Mottaki ist nach Wien gekommen, um für die iranische Position im Atomstreit zu werben. Im UN-Sicherheitsrat droht eine neue Runde von Sanktionen gegen die Islamische Republik, und da Österreich derzeit ein nichtständiges Mitglied des Weltsicherheitsrats ist, wurde Wien zur Destination in Mottakis Reisediplomatie.

Der Kern des Atomstreits ist, dass Iran Uran anreichert und mehrfach gegen Auflagen der Internationalen Atomenergiebehörde IAEA verstoßen hat. Die Amerikaner, die meisten EU-Staaten und vor allem Israel hegen den Verdacht, dass der Iran den Bau einer Atombombe vorantreibt.

Noch in der Amtszeit des früheren Generaldirektors der IAEA, Mohamed ElBaradei, gab es einen Kompromissvorschlag: Teheran sollte sein angereichertes Uran gegen Brennstäbe für einen Forschungsreaktor eintauschen.

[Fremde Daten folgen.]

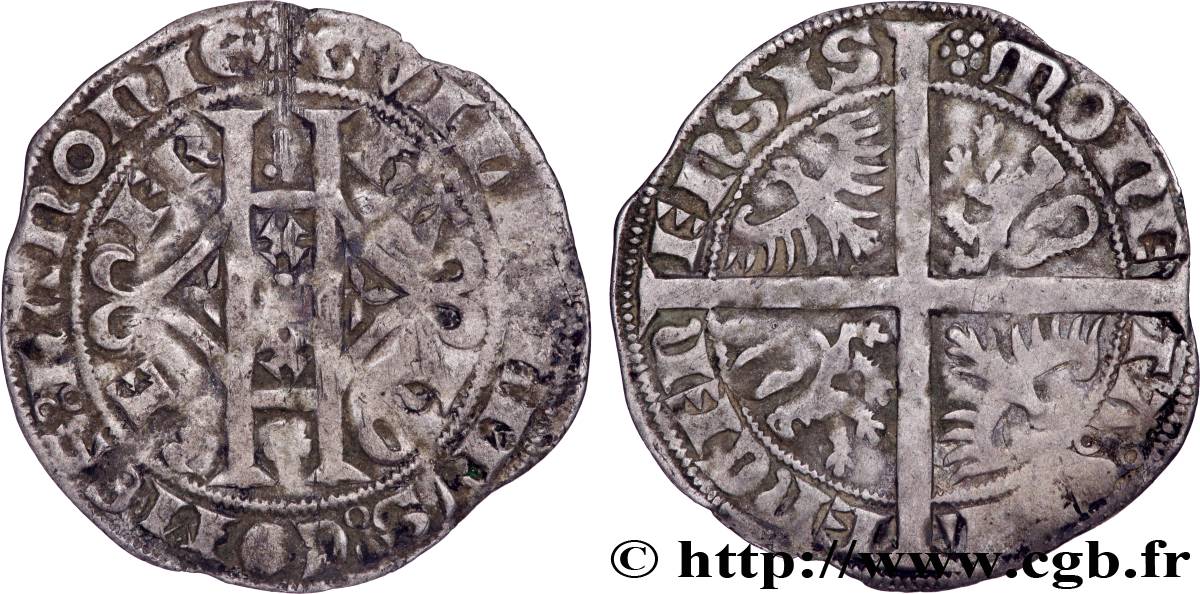 HAINAUT - COMTÉ DE HAINAUT - GUILLAUME III DE BAVIÈRE Plaque au lion ou double gros ou gros vaillant SS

Damit wäre dem Iran gedient, der damit einen nuklearmedizinischen Forschungsreaktor betreibt. Und damit wäre Zeit gewonnen, da der Iran nach dem Tausch keine Vorräte an spaltbarem Material mehr hätte. Baradeis Idee war es, Zeit für Verhandlungen zu gewinnen, Teheran hätte zudem Vertrauen gewonnen.

Daraus wurde nie etwas. Teheran hat zwar wiederholt Interesse an einem solchen Deal bekundet, über Menge und Zeitpunkt der Uranausfuhr wurde aber keine Einigung erzielt. Bei den USA und deren westlichen Verbündeten machte sich Frustration breit – offenbar, so hieß es, betreibe der Iran weiter ein Spiel auf Zeit.

Bei seiner Unterredung mit dem neuen IAEA-Chef Yukiya Amano vor dem Spindelegger-Termin brachte Mottaki diesen möglichen Kompromiss wieder ins Spiel.

Kein neuer Kompromissvorschlag

Nach „Presse“-Recherchen ist der Vorschlag, den Mottaki Minister Spindelegger vorgestellt hat, allerdings weder neu noch ausreichend. Spindelegger selbst stellte klar, dass das, was derzeit auf dem Tisch liegt, nicht ausreicht: „Die Uhr tickt. Die Zeit wird knapp für den Iran. Ich habe Minister Mottaki klargemacht, dass der Zug Richtung Sanktionen nur aufzuhalten ist, wenn Teheran ein deutliches Signal der Zusammenarbeit gibt.“ Leider habe der Iran in den letzten Monaten eine Reihe von Schritten gesetzt, die die Sorgen der internationalen Gemeinschaft nur noch verstärkt hätten, klagte Spindelegger.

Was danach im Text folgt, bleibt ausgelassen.